2.1.2. Veelzeggend genoeg werden deze conclusies opgenomen in het hoofdstuk over de globale richtsnoeren voor het economisch beleid (artikel 99, lid 2 van het EU-Verdrag, ex artikel 103), wat een duidelijke vingerwijzing is om deze richtsnoeren uit te breiden. De Raad benadrukte ook het effect van de structurele en economische hervormingen op de bestrijding van werkloosheid.

2.1.3. In reactie op de conclusies van de Raad van Cardiff publiceerde de Commissie op 20 januari 1999 een eerste verslag (Cardiff I), en op 17 februari 1999 volgde een tweede verslag (Cardiff II). Op 30 maart keurde de Commissie haar aanbeveling over de globale richtsnoeren voor het economisch beleid goed (COM(1999) 143 def.). Deze omvatten voor het eerst richtsnoeren per lidstaat, die niet alleen op begrotingskwesties, maar ook op de producten- en dienstenmarkten en de arbeidsmarkt betrekking hebben.

2.1.4. In Cardiff I analyseert de Commissie de situatie op de interne markt en stelt zij 16 prioriteiten voor het regelgevingskader van de interne markt voor. De bedoeling hiervan is de markten flexibeler en efficiënter te maken en zo ook de efficiëntie van de Europese economie te vergroten. De Commissie merkt in dit verband op (blz. 4 van de inleiding): "Daarbij wordt niet gestreefd naar de ontmanteling van de nationale voorschriften, maar naar verbetering van de economische efficiëntie van het regelgevingsklimaat".

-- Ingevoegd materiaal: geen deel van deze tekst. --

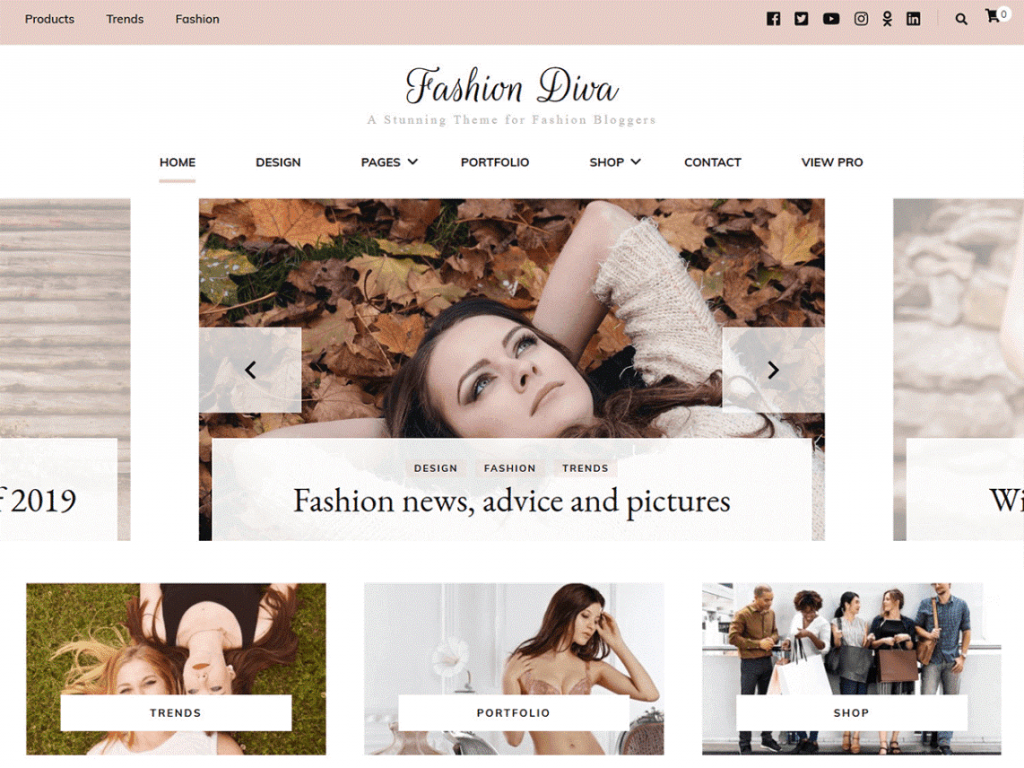 If you’re seeking a WooCommerce theme that’s consistent, credible, fast, ranks well with shoppers then employ one of these free WooCommerce themes for 2020.
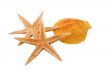 Two Starfish and one Shell on the White Background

2.1.5. Cardiff II bevat een samenvatting van een aantal aspecten van de markten voor producten (goederen en diensten) en van de financiële markten die ook in Cardiff I aan de orde komen. Dit verslag gaat echter vooral over de arbeidsmarkt (waarbij de Commissie zich baseert op de verslagen die de lidstaten in het kader van het "Luxemburg-proces" hebben opgesteld) en de overheidsfinanciën, in het bijzonder met betrekking tot de sociale zekerheid en belastingen.

2.1.6. Al deze aspecten worden uiteindelijk verwerkt in de aanbeveling van de Commissie over de globale richtsnoeren voor het economisch beleid (artikel 99, lid 2 van het EU-Verdrag, ex artikel 103). Op die manier kan een groot aantal samenhangende kwesties als één geheel worden aangepakt, wat voor de coördinatie van het economisch beleid in de Unie een belangrijke vooruitgang betekent(3).

2.2. Algemene opmerkingen

2.2.1. De verbetering van de economische situatie, de versterking van de economische en sociale samenhang en de toename van de werkgelegenheid in de Unie als gevolg van de in het kader van de interne markt genomen maatregelen wordt in deze verslagen niet in voldoende mate uitgewerkt of aangetoond. De geanalyseerde indicatoren van de economische integratie hebben alleen betrekking op de handel in goederen binnen de EU, de grensoverschrijdende handel in diensten, kapitaalbewegingen en directe buitenlandse investeringen, en het vrije verkeer van werknemers. Vaak zijn herstructureringen van sectoren en ondernemingen, die als voorbeeld van de werking van de interne markt worden genoemd, te verklaren door de economische en vooral de financiële globalisering.

2.2.2. De concurrentiepositie van Europa lijkt er dankzij de interne markt op vooruit te zijn gegaan. Zo zijn de directe buitenlandse investeringen tussen de Europese landen onderling aanmerkelijk toegenomen. Ook de intracommunautaire handel nam tussen 1995 en 1997 toe, zij het niet zo snel als in de periode 1993-1995.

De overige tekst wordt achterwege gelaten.